It's just a throwaway, but Red Sox take it

May 31, 2008|Gordon Edes, Globe Staff

BALTIMORE - When someone offered birthday wishes to Manny Ramírez yesterday afternoon, he had a ready response.

"Thirty-six here," he said. "Thirty-nine in the Dominican Republic."

Ramírez did not become the first big leaguer to hit his 500th home run on his birthday, but leave it to the birthday boy to salvage the longest night of the season for the Red Sox.

Ramírez hustled to second on third baseman Melvin Mora's 13th-inning throwing error and scored on Mike Lowell's single to break a 2-all tie. A throwing error by shortstop Freddie Bynum, Baltimore's third of the inning, allowed two more unearned runs to score, the Sox stole a club-record six bases, and six relievers combined for seven scoreless innings in a 5-2 win over the Orioles before a bipartisan crowd of 46,199 in Camden Yards.

"I can't play nine, but I can play 13," Ramirez said afterward, a winking reference to how he often comes out of a game for a defensive replacement.

Not last night, when he doubled in the first inning to set up Boston's second run, then came up empty his next four trips to the plate until Mora sailed a throw over the head of first baseman Kevin Millar in the 13th.

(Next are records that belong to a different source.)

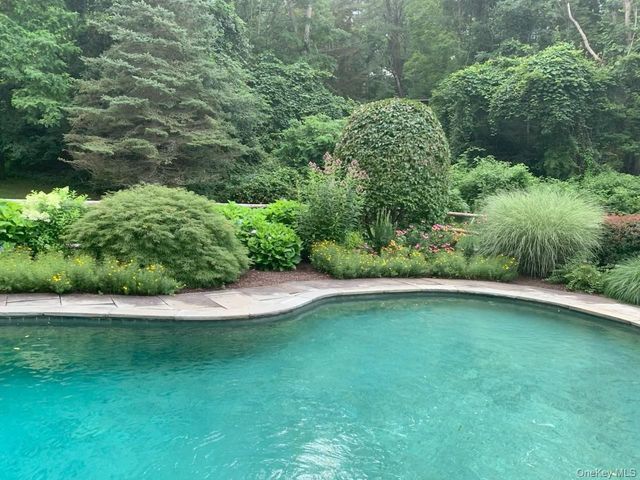 83 Upper Shad Road, Pound Ridge, NY 10576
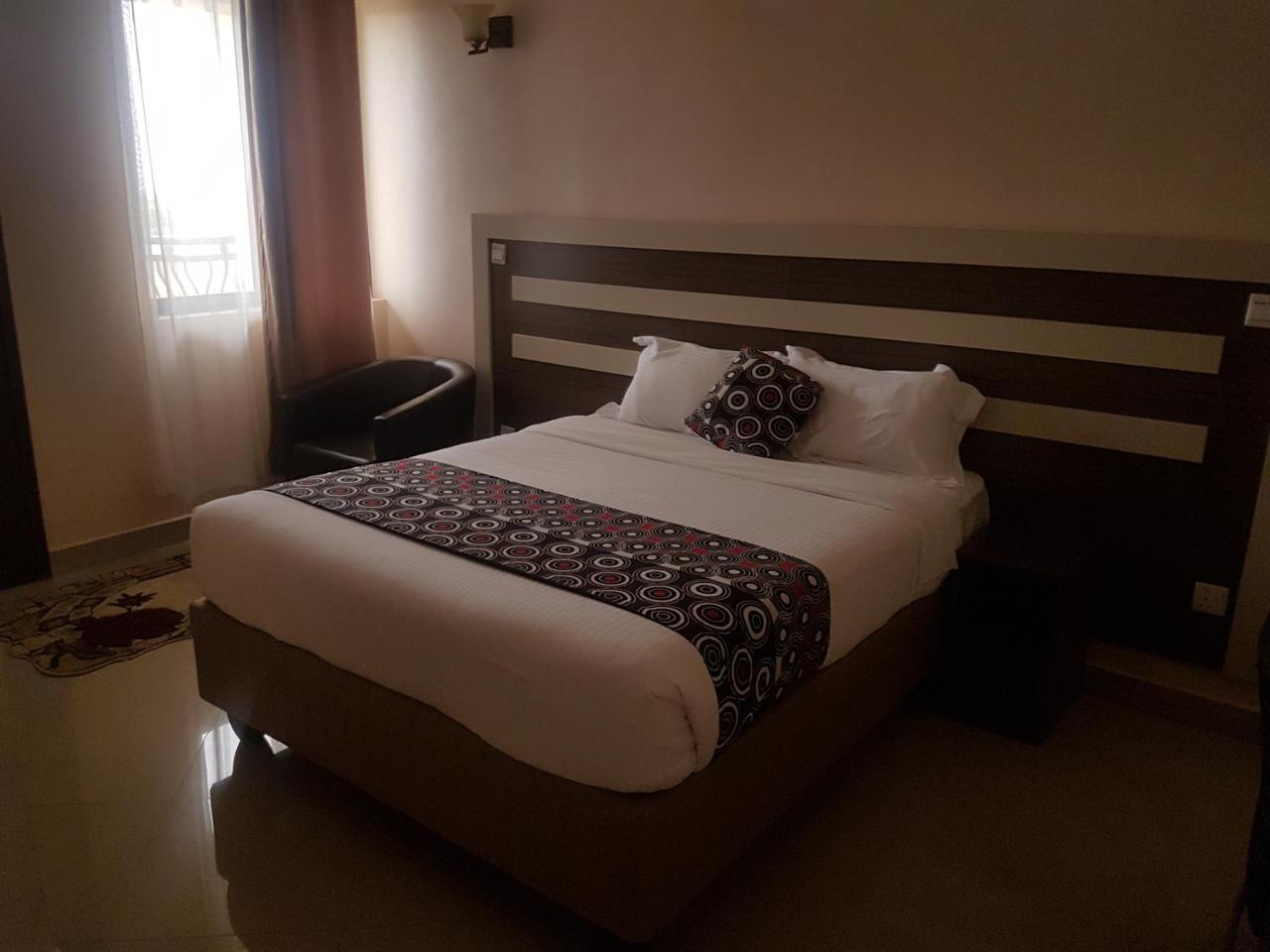 Mara Frontier Hotel Narok Exteriör bild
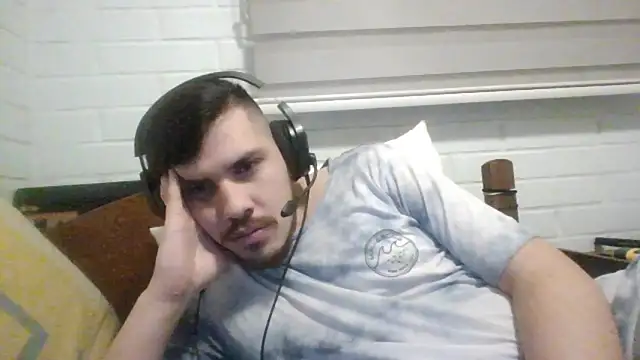 Snapshot of hung_weeb chatting on October 27, 3:53 am hung weeb online show from October 27, 3:53 am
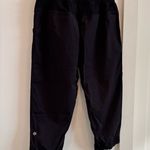 Lululemon Dance Studio Mid-Rise Cropped Pant Lightweight Swift Fabric Size 2 Photo 0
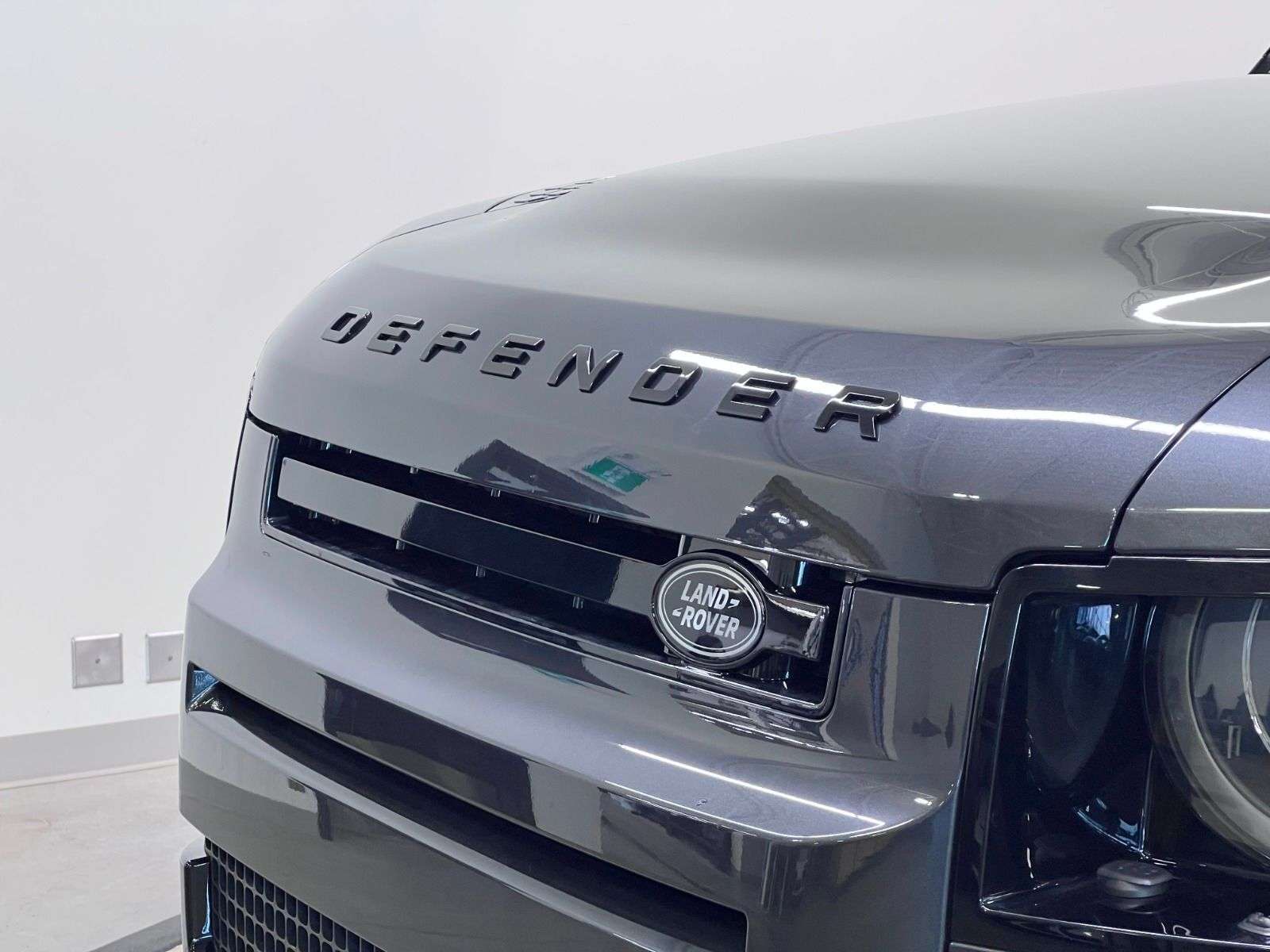 2026 Land Rover Defender 110 P300 S | LEASE FROM $899 PER MONTH thumb 10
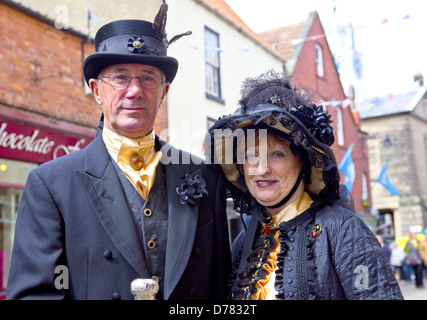 Man and Woman participants à Whitby Gothic Week-end l'un des plus populaires événements gothique dans le monde. Whitby 27.04.13. Banque D'Images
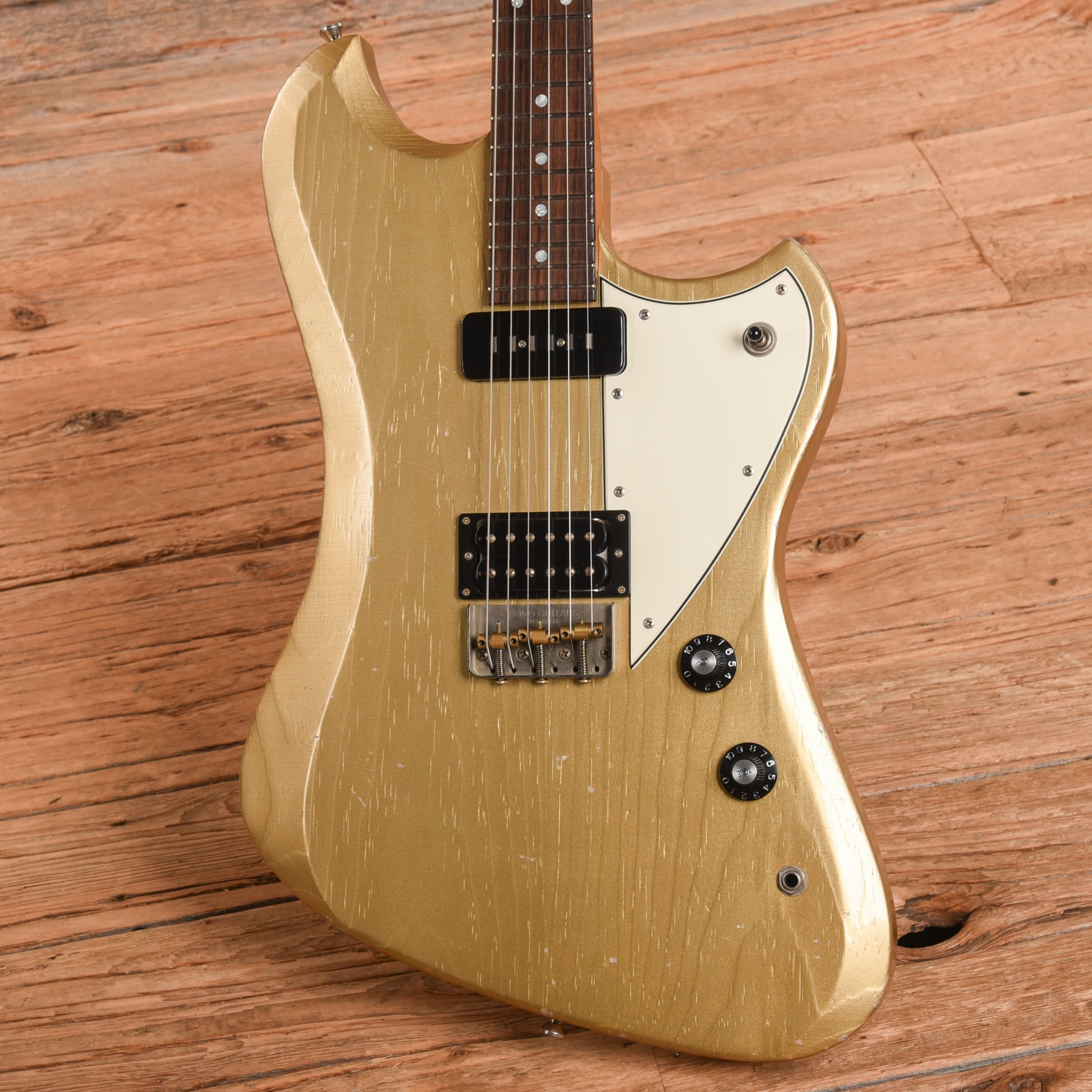 Novo Voltur Gold Electric Guitars / Solid Body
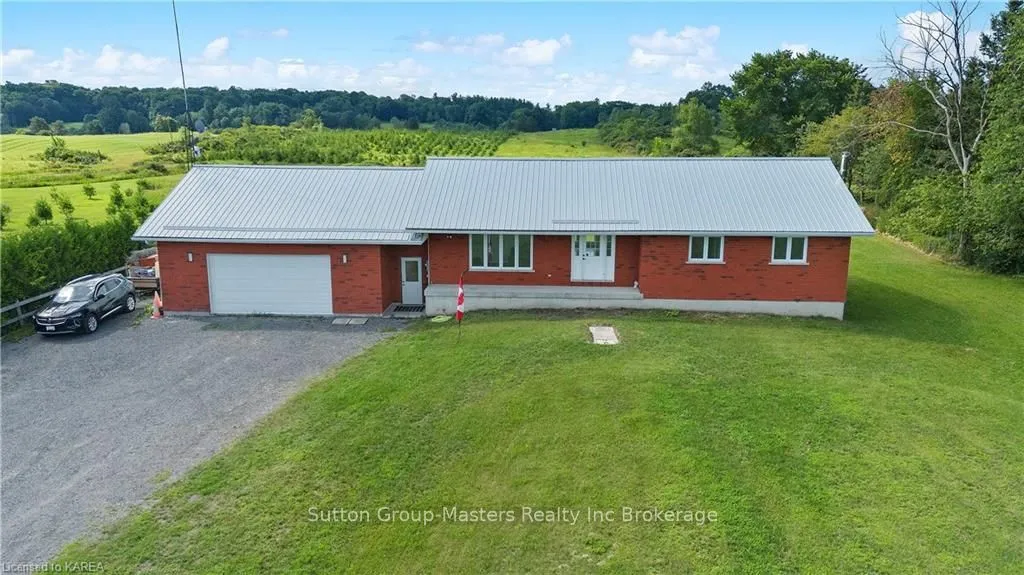 523 COUNTY ROAD 2, Leeds and the Thousand Islands, ON K7G 2V4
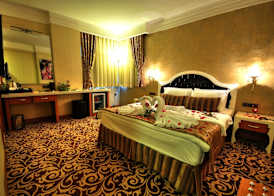 Golden Deluxe Hotel 4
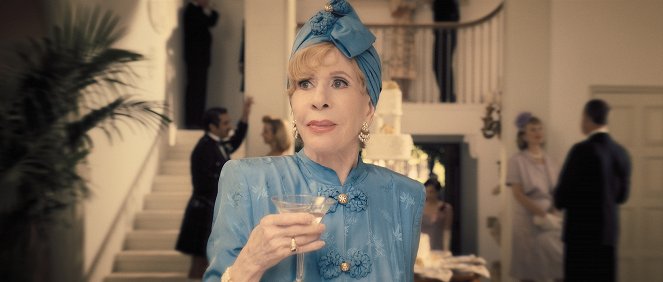 Palm Royale - Season 1 - Maxine podejmuje ryzyko - Z filmu - Carol Burnett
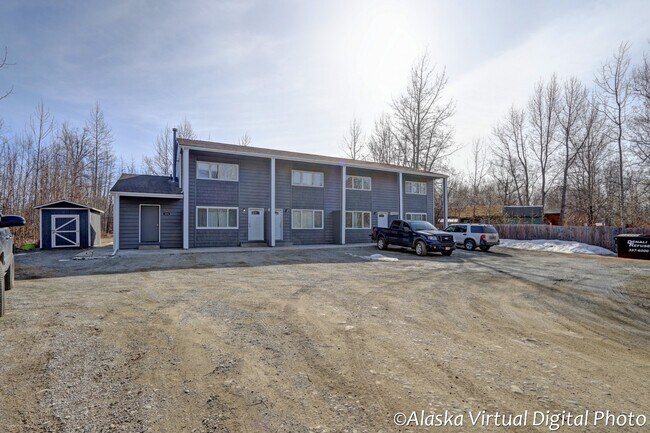 Building Photo - 301 N Spruce Dr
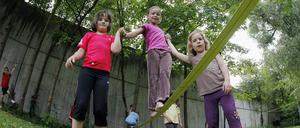 Balancieren auf der Slackline: Ein Abenteuer für jung und alt – und gesund ist es auch. (Symbolfoto)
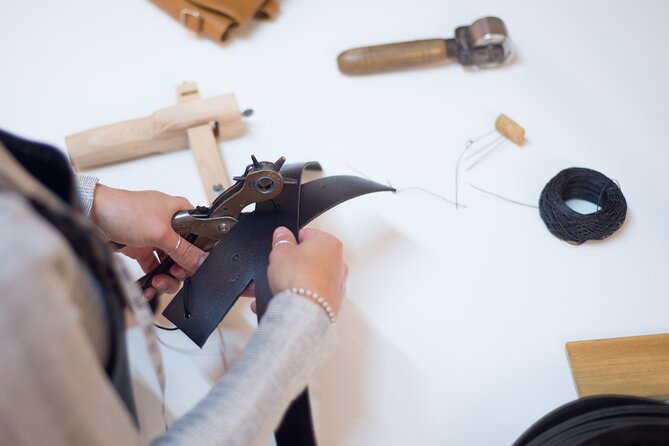 LEATHER GOODS WORKSHOP: Create and Design Your Belt - Accessibility Details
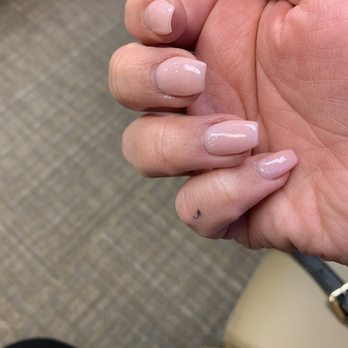 Lynn Nails - Nail Salons Near Me - San Leandro, California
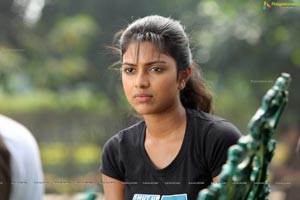 Run Baby Run Amala Paul HD Photos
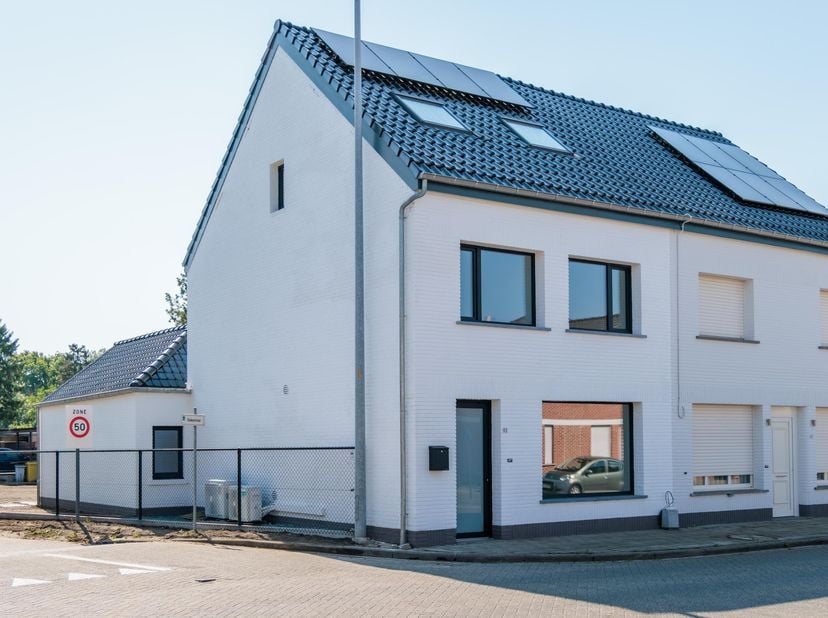 Instapklare woning MET AIRCO te koop te Westerlo<br />
<br />
De woning is centraal gelegen tussen de E313 en E314. Het dorp van Heultje  is veilig be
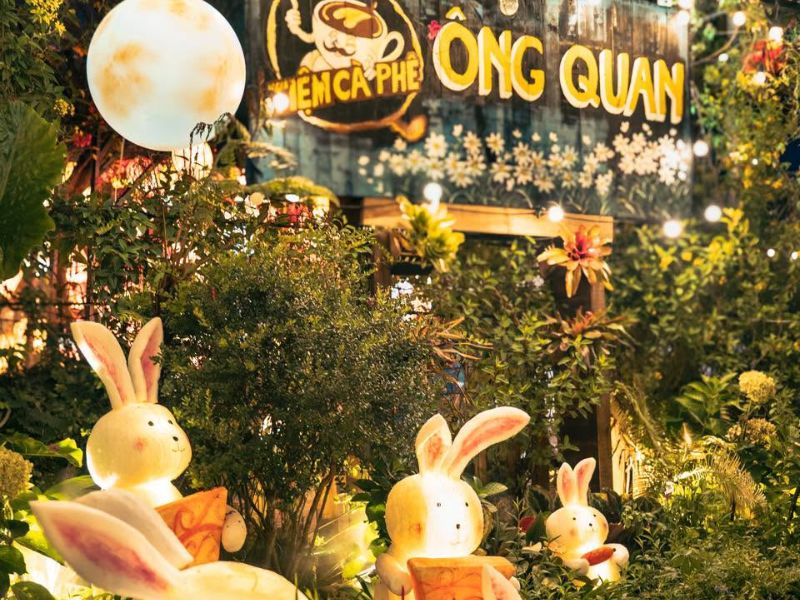 Tiệm cà phê Ông Quan: Góc cổ tích ngập hoa giữa Cần Thơ 2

Mike Timlin pitched out of a bases-loaded jam in the 12th for the win, surviving a bobble and recovery by shortstop Julio Lugo, while Jonathan Papelbon worked the 13th for his first save in eight days.

"We had to bob and weave, and we did," manager Terry Francona said.

"Good thing, because after we scored those two [in the first], it took us about 4 1/2 hours to score again."

The Sox bullpen stranded seven runners from the ninth inning on: Manny Delcarmen stranding two in the ninth, when he induced Mora to roll to third; Craig Hansen stranding two in the 10th, when he whiffed Ramon Hernandez; and Timlin leaving them loaded in the 12th, retiring Hernandez on a fly ball to the track in left, where Ramírez casually gathered it in and flipped it to a fan in the stands.

Jacoby Ellsbury had three hits and stole three bases, the first Sox player to steal more than two bases in a game since Jerry Remy bagged four on June 14, 1980. The final two Sox steals came with Lowell on the front end of a double steal against inattentive reliever Dennis Sarfate, the last of seven Baltimore pitchers.

"I don't think we've ever told Mikey Lowell before a game to steal third, but our guys were heads up," Francona said.

The Sox had scored in just two of their previous 31 innings.

The win, just their second in seven games on the trip, enabled the Sox to remain a game behind Tampa Bay in the American League East. It took them 4 hours 49 minutes to do so. Francona said the Sox would discuss adding another reliever before tonight's game.

"You play that long," Ellsbury said, "you hope to come out with a win."